Friday, September 6, 2013

Procedure part one

      Henry knew where to go. Less than a month had passed since he'd been there before. It was a large room. It looked a bit like an airport terminal but no one was in a hurry and nobody was pulling luggage on wheels, but they had that same exhausted look of the air-traveler. Terminal was not a word anyone would want to hear now. Behind a long counter sat volunteers. He knew they were volunteers because a badge said so. That meant they were doing this for no pay, no stipend. Henry wanted to feel good about such generosity but his mind slid down to economics and politics -- if they had to pay these people this place probably wouldn't function. They'd have to cut something out. Cutting things out is what the surgeon is a past-master of. Cutting is their forte. What would they cut if they had to pay these people to hand him a beeper? Maybe they'd have to send back the marble floors or that huge waterfall at the entrance. Something would have to give. Some price would have to be paid. Propitiation of the gods always has its cost.

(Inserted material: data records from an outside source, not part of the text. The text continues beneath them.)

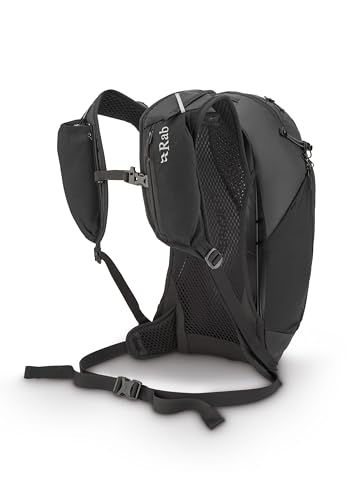 Mochila Rab Airox para hombre 18 litros negra miniatura 2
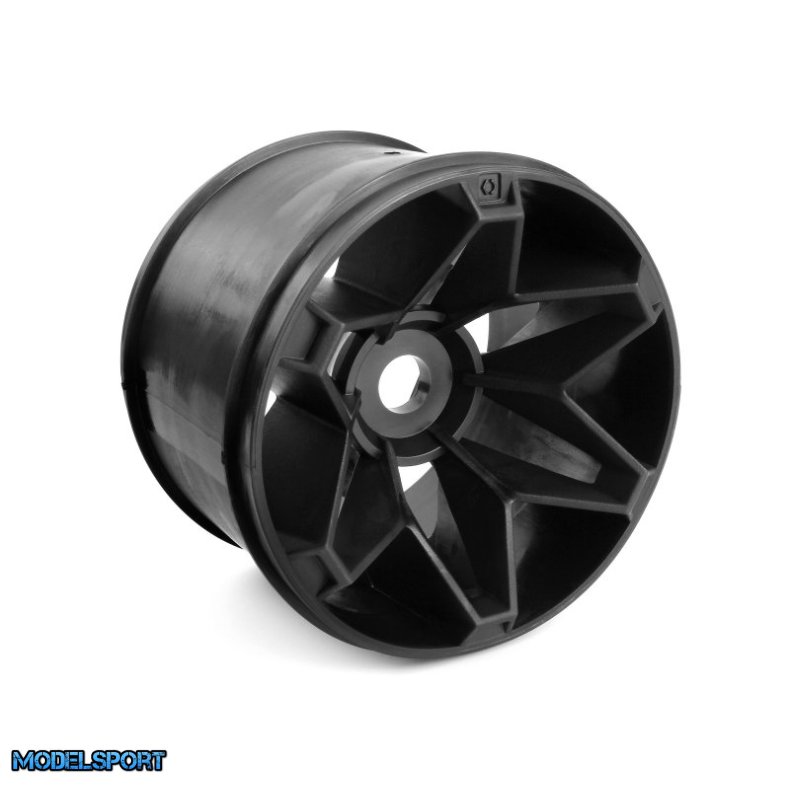 HPI 160147 Havok Wheel Black (3.8inx71mm/2pcs)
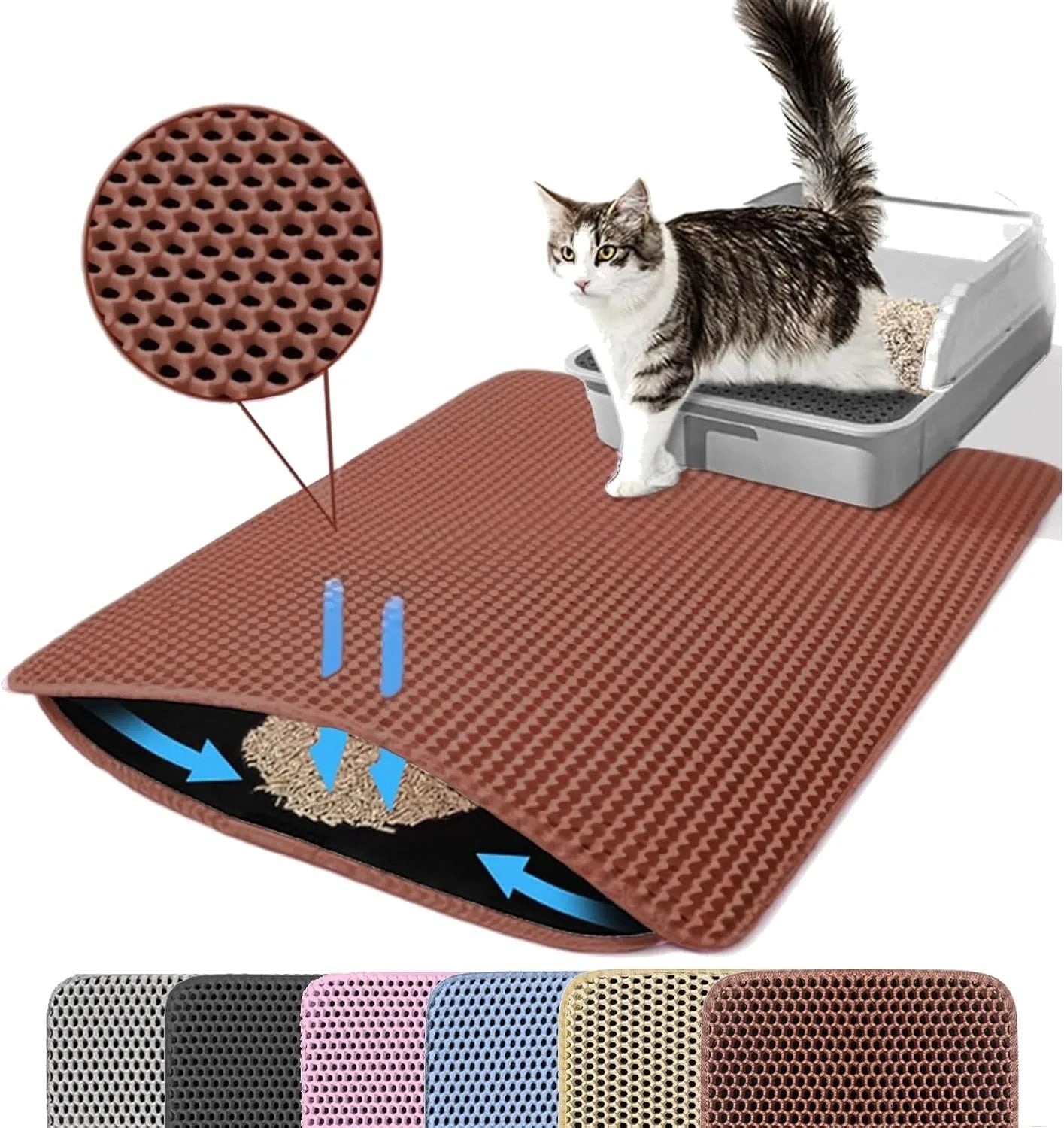 Prinsens Choice Kattsandsmatta Deluxe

       About a third of the room had tables and chairs. The rest was taken up with uncomfortable couches. They didn't want anyone to lie down. This wasn't a flop house. Can you imagine the bums that would take over if the lights were dimmed and if there were someplace to recline? There's no rest for the wicked.
        Hanging from the ceilings were large flat screen TVs. Henry tried to get as far from these as he could. He sat down with his backpack. He had Emily's clothes and her purse in there, along with the iPad, a Gatorade and a book for himself. There was nothing for it but to wait it out. Too bad he couldn't whistle some, but he figured that would get as many stares as breaking into song.
        A  woman nearby had an mp3 player on her phone and was bopping along to the sound which seemed not to be coming only from the earbuds. A man was with her and he told he could hear the music.
        "That's OK," she said.
         He shook his head. "No, I can hear it."
         "I'm alright," she said. She frowned like she was about to become very angry.
          The man -- was he her husband or brother? -- Henry couldn't deduce that much -- walked over to her and shoved the cord into the phone better and the sound cut out so only she could hear it.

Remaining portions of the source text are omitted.